On Thursday, my colleague Jeffrey Meyer noted how the Washington Post's Mike DeBonis failed to explain to readers how unionized retail outlets would benefit from an exemption in the cynically-titled Large Retailer Accountability Act, the D.C. Council bill that would require large retail chains like Walmart to pay employees at least $12.50/hour.
Today, to their credit, Post editors did publish a 12-paragraph piece by the Post's Lydia DePillis, who noted that it was "labor leaders" who "drafted the bill originally" and attempted to blackmail Walmart, saying "they would pull the bill if" the company "agreed to collective bargaining." DePillis also quoted an anonymous source on a city councilman's staff explaining "when all labor pulls in one direction, that is a powerful thing to this council." All the same, DePillis still failed to explain just how pro-union and anti-worker's rights the Act would be, nor did she quote any opponents of the bill in her story.
"If the measure stands, whether or not Wal-Mart follows through on its threat to leave D.C., unions will have avoided their nightmare scenario. Having a low-wage, non-union competitor figuring into future bargaining sessions with the area’s unionized grocers," DePillis observed, couching labor unions as a victim of more competition and lower prices in the retail sector in the District. Of course, the average consumer, particularly the cash-strapped consumer, would benefit, but DePillis failed to find anyone to represent that perspective.
Instead, DePillis proceeded to quote AFL-CIO official Joslyn Williams saying, that if Walmart builds stores in the District and succeeds in drawing customers, that “Giant and Safeway [would] be saying we’re losing money, we need givebacks from the workers."
A few paragraphs earlier, DePillis quoted another labor activist, Mike Wilson of the United Food and Commercial Workers Union giving his analysis about mayoral candidate Councilman Jack Evans (D-Ward 2) simultaneously backing the pro-union bill while also supporting lower sales taxes in the city budget. "I think that he's thinking the real reason businesses come to the city is that there are incentives in place, Wilson said.
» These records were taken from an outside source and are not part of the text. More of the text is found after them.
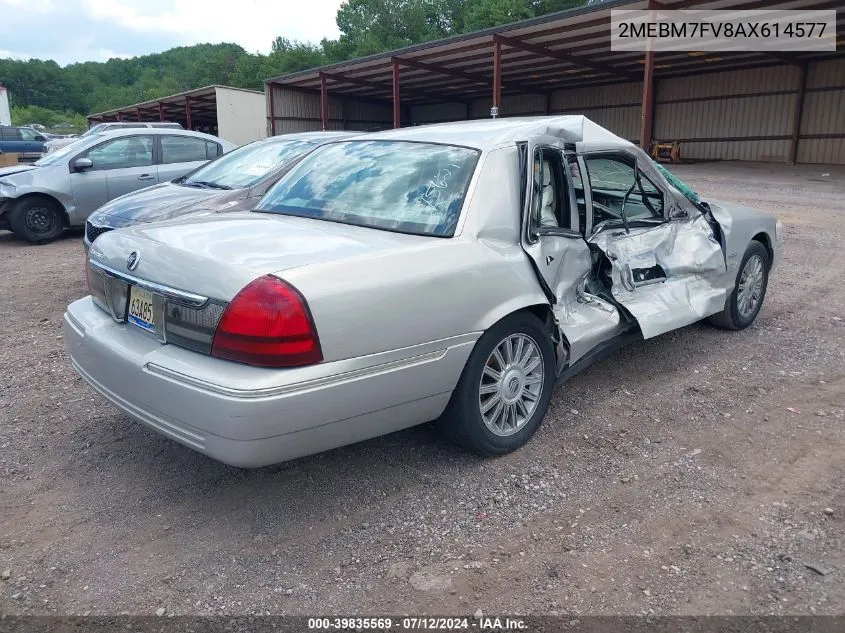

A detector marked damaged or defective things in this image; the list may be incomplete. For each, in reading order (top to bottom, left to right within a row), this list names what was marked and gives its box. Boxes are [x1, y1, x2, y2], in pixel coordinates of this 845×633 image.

crumpled door panel [588, 214, 724, 340]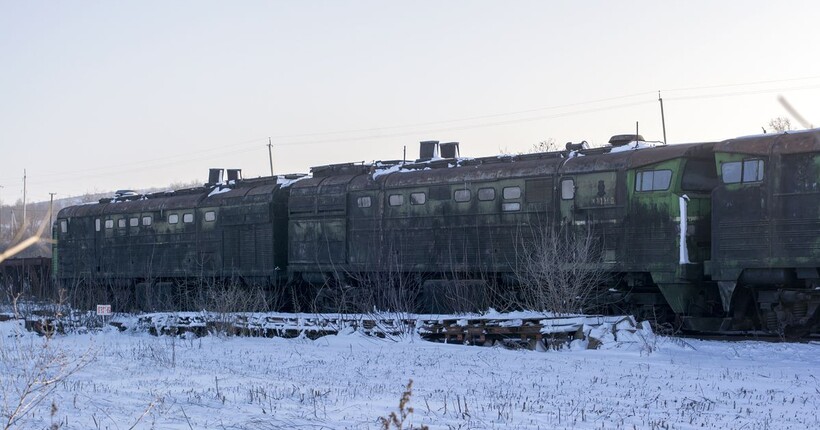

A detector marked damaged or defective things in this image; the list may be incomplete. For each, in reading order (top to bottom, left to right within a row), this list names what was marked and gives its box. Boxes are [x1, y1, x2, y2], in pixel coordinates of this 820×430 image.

rusty train car [51, 129, 820, 334]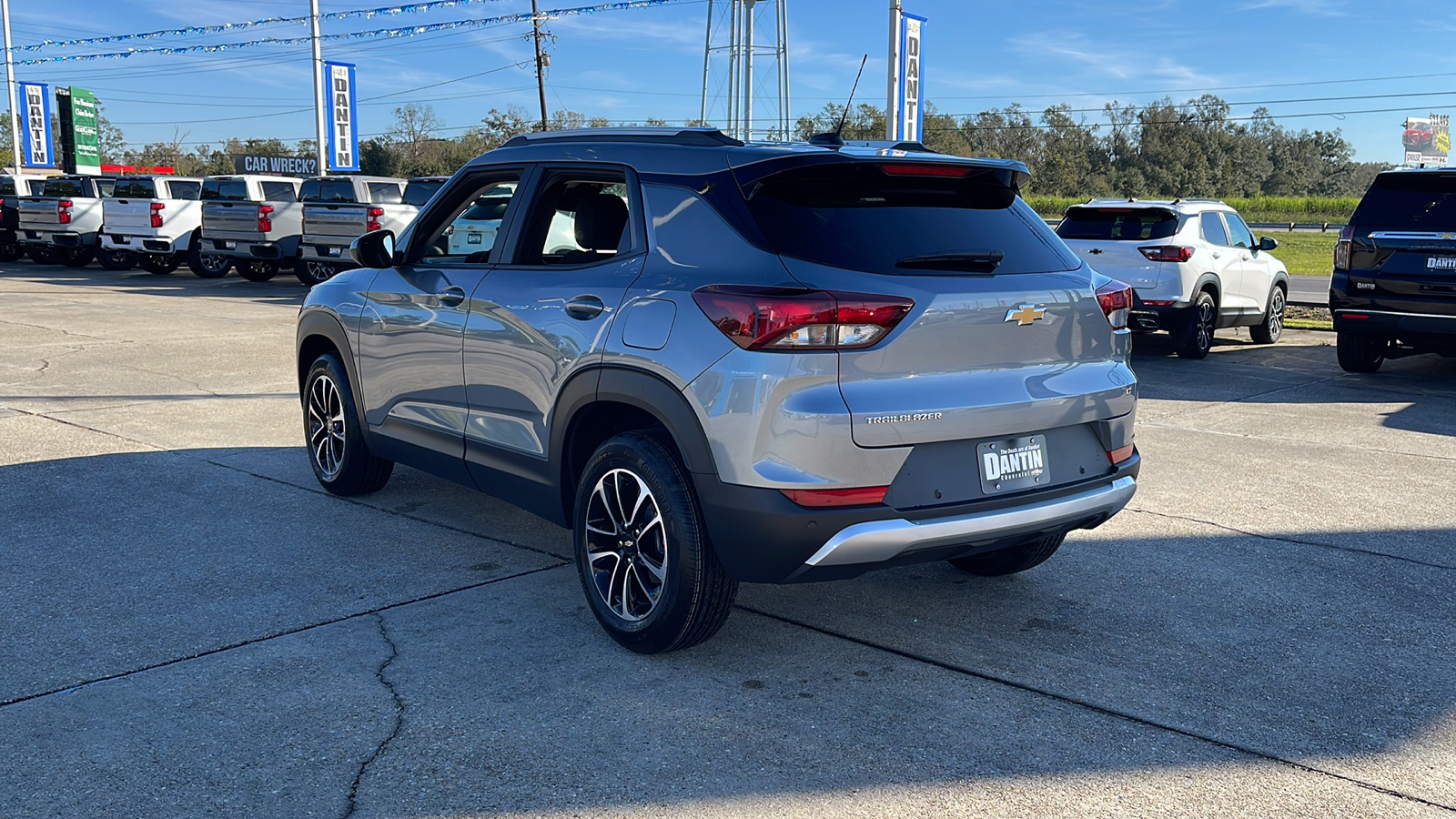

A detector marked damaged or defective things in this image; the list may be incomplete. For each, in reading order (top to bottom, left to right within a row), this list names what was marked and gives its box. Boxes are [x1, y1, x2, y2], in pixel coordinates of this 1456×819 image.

cracked asphalt lot [0, 266, 1449, 815]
That may be true, but it's also quite likely that Evans's calculus isn't designed so much on economic development but on some sort of balancing act where he can win over labor union voters but keep enough other business interests happy that he gets their campaign contributions.
At any rate, no Walmart official was quoted in the entire piece, nor any average Joe on the street for his opinion.
What's more, once again, the Post failed to note how the Large Retailer Accountability Act actually disempowers the individual employee by forbidding individual workers from making wage and benefit negotiations with a large retailer which yield a pay rate lower than the $12.50 minimum.
Here's the relevant text from the bill (emphasis mine):
Any waiver by an individual of any of the provisions of this act shall be deemed contrary to public policy and shall be void and unenforceable, except that employees are not barred from entering into a written valid collective bargaining agreement waiving provisions of this act if such waiver is set forth in clear and unambiguous terms.
So it's fine and dandy to labor union activists and liberal Democratic councilmen for a retail employee in Washington, D.C., to get paid less than $12.50/hour "living wage" under the bill, just so long as it's through a union labor-derived collective bargaining agreement, which naturally means joining a union and paying dues to the same.
The law in question expressly forbids and declares null and void any personal arrangements and negotiations an employee could arrive at with his employer. The rights of contract of both the worker and the employer are infringed by the law, but the Post fails to see how the little guy can be a victim in all this.